India’s first Real Estate Investment Trust (REIT), Embassy Office Parks REIT, will open its initial public offering (IPO) on Monday and will close on March 20. At a price band of Rs.299 to Rs.300, Embassy REIT will issue units aggregating up to Rs.4,750 crore.
To invest, you need to bid for a minimum of 800 units and in multiples of 400 units. The units of the Embassy REIT are proposed to be listed on the National Stock Exchange of India Ltd and BSE Ltd. Of the total units, 25% of the issue will be available for non-institutional investors. Axis Trustee Services Ltd is the trustee to the issue, while Embassy Office Parks Management Services Pvt Ltd is the manager to the issue. Considering that you now have one more option to invest, let’s understand how the product works and if should you invest in it.
What is it?
REITs allow you to invest in real estate in small amounts through paper format or in the form of securities. REITs usually invest in commercial properties that would otherwise require a large amount for investment. It uses rental income to pay dividends to investors. But will retail investors be interested in investing in commercial real estate through this route? “I think it is tough to tell. We have gone and spoken to non-institutional investors. The initial trading lot is Rs.2.41akh and then Rs.1.2 lakh,” said Sachin Shah, chief investment officer of Embassy Office Parks. But how does it work against owning a physical commercial property? “In direct real estate investment, you are wedded to one property, there is no diversification and it is an illiquid investment. In REITs, you sell units on exchange and it is more liquid than physical investment,” said Shah. In case of Embassy Office Parks REIT, the yield works out to 8.25-8.28%.
From a taxation point of view, if you hold on to the units for more than three years, long-term capital gains will be applicable. If you sell it before three years, then short-term capital gains will be applicable on appreciation. “On regular income in the form of dividend, you don’t have to pay tax. If the money is in the form of interest, you will be taxed on your slab rate,” he added. Before investing, you need to look at the quality of the underlying asset. “The parameters you need to evaluate include the quality of the underlying assets, current yield of the assets, location of the assets, track record of asset managers, occupancy rate and quality of tenants. If the underlying assets are not maintained properly, then the value of the property can depreciate. The supply-demand situation also needs to be looked at. If the location has a large supply pipeline, then it may lead to decrease in rentals and occupancy rates. The tenants’ agreements should be looked at to ensure there is sufficient lock-in and rental escalation,” said Gaurav Awasthi, senior partner, IIFL Wealth Management Ltd.
What you should know
Firstly, it is not an equity fund. “It is a unit of REITs of an asset class to which people have not been able to get exposure. It is a minimum three-year holding story. With the kind of compression on interest rate coming off and quality of tenants, you can target an internal rate of return (IRR) of 15% in a product like this, on the3-5year period. Today if you buy commercial real estate anywhere, yields are less than 8%. You are getting commercial asset with Blackstone as the owner at 8.26%. Our expectation is you will see growth during the 3-5 year period on the capital side. Your underlying unit will see capital gain and that is going to be treated as equity capital gain when you exit,” said Prateek Pant, co-founder and head - products and solutions, Sanctum Wealth Management.

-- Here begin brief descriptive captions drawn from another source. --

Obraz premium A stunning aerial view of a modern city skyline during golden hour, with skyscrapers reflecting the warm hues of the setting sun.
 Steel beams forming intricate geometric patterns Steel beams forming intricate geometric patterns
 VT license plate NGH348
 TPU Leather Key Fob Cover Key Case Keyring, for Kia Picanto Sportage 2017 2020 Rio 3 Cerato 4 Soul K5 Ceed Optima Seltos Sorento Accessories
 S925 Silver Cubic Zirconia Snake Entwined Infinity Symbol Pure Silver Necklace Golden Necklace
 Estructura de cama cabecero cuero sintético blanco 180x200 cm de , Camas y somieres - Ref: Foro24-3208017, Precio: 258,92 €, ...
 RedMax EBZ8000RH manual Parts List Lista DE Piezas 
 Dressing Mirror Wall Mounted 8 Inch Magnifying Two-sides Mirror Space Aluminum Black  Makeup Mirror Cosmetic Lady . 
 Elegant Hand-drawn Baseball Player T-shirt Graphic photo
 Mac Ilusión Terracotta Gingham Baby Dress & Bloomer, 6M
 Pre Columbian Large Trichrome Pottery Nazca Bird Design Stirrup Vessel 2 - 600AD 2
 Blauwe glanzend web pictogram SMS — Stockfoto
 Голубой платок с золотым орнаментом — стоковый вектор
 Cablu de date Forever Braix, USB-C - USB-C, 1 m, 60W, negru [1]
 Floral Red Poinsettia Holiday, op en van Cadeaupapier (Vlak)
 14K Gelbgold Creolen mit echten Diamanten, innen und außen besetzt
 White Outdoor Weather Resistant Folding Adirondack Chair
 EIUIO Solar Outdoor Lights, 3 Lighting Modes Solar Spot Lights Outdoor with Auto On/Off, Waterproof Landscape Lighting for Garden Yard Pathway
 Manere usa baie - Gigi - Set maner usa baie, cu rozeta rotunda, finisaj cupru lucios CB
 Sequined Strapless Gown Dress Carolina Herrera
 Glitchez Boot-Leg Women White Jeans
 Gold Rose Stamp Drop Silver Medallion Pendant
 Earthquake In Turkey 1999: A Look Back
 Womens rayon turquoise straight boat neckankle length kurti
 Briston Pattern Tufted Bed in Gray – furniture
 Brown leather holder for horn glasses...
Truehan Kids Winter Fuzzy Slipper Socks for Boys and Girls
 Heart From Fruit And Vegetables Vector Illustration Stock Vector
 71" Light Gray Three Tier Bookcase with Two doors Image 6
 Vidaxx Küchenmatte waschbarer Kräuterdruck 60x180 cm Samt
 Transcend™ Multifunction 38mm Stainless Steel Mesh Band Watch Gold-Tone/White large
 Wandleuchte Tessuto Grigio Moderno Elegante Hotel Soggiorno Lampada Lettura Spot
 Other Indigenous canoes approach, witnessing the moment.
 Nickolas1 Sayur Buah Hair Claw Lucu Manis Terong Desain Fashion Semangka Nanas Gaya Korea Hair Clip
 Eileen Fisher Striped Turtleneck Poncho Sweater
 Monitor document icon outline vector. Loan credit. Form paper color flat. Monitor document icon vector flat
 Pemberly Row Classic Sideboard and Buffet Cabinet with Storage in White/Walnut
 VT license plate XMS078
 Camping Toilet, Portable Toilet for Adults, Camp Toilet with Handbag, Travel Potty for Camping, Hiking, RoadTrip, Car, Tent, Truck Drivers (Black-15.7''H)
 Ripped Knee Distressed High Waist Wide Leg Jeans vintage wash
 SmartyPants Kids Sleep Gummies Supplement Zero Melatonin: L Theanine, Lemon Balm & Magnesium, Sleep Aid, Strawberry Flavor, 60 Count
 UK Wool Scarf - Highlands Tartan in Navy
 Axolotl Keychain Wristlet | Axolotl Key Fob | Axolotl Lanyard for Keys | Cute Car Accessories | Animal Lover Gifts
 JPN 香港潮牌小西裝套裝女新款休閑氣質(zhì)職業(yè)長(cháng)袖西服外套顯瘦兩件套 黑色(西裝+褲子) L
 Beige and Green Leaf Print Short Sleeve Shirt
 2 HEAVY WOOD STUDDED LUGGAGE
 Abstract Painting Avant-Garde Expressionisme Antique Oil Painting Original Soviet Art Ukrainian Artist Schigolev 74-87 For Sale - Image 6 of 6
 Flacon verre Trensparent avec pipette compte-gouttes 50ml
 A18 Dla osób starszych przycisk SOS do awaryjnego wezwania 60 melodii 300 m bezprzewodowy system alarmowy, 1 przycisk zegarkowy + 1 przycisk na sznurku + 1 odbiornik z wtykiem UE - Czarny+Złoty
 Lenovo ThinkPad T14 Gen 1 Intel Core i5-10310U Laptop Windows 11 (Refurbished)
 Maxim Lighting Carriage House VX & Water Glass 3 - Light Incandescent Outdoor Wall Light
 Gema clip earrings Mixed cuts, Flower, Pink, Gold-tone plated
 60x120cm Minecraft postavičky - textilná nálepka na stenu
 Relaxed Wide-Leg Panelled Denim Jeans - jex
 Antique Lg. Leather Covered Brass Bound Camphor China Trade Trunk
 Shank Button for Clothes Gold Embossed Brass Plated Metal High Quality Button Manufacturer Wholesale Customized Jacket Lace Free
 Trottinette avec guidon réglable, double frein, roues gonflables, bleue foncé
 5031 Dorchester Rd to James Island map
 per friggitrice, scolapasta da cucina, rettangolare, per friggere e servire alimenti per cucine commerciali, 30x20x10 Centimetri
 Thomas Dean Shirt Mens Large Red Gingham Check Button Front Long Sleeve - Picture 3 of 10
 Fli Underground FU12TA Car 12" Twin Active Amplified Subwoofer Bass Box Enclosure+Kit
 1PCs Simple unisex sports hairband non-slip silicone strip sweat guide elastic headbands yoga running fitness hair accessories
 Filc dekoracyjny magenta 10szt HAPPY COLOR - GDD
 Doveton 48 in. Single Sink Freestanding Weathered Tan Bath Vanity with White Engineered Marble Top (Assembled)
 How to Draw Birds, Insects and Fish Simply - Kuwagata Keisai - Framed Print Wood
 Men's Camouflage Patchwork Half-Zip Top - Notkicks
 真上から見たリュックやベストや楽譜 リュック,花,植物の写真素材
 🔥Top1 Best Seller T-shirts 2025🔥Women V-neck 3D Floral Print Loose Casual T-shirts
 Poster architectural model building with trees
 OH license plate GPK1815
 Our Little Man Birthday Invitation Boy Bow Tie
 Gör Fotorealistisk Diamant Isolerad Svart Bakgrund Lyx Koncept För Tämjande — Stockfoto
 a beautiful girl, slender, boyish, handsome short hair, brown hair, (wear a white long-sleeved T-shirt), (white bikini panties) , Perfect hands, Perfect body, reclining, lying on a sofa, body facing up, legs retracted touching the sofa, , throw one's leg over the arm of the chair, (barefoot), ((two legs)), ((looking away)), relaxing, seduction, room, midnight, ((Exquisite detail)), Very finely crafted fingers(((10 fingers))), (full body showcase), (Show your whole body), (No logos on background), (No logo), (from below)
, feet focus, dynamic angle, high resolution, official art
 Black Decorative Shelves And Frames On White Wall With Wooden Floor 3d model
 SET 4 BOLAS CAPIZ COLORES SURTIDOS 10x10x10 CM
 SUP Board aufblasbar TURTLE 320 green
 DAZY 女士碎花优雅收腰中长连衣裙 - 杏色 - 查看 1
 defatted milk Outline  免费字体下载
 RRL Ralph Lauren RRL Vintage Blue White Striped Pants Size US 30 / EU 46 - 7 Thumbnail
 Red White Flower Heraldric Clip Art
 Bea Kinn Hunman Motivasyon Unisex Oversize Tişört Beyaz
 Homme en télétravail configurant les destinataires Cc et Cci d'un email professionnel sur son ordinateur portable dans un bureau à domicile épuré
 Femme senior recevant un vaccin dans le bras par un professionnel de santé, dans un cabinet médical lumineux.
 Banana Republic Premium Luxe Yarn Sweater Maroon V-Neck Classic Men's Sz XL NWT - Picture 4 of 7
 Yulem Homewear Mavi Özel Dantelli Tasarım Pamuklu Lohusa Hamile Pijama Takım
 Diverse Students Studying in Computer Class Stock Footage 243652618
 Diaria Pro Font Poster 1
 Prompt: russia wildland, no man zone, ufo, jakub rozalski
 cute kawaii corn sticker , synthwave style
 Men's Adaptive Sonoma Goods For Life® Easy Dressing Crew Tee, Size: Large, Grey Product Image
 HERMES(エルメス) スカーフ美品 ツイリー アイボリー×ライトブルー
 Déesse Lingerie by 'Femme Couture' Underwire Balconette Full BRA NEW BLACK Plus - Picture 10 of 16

“It is more favourable for overseas institutions because for them, the withholding tax is much lower than interest income. Having said that, there seems to be an appetite for this product from high net worth individuals right now,” said Pant. Post tax, you will make anywhere between 8-10%, he said. Based on the response of the current REIT, itis possible that couple more issues may hit the market this calendar year.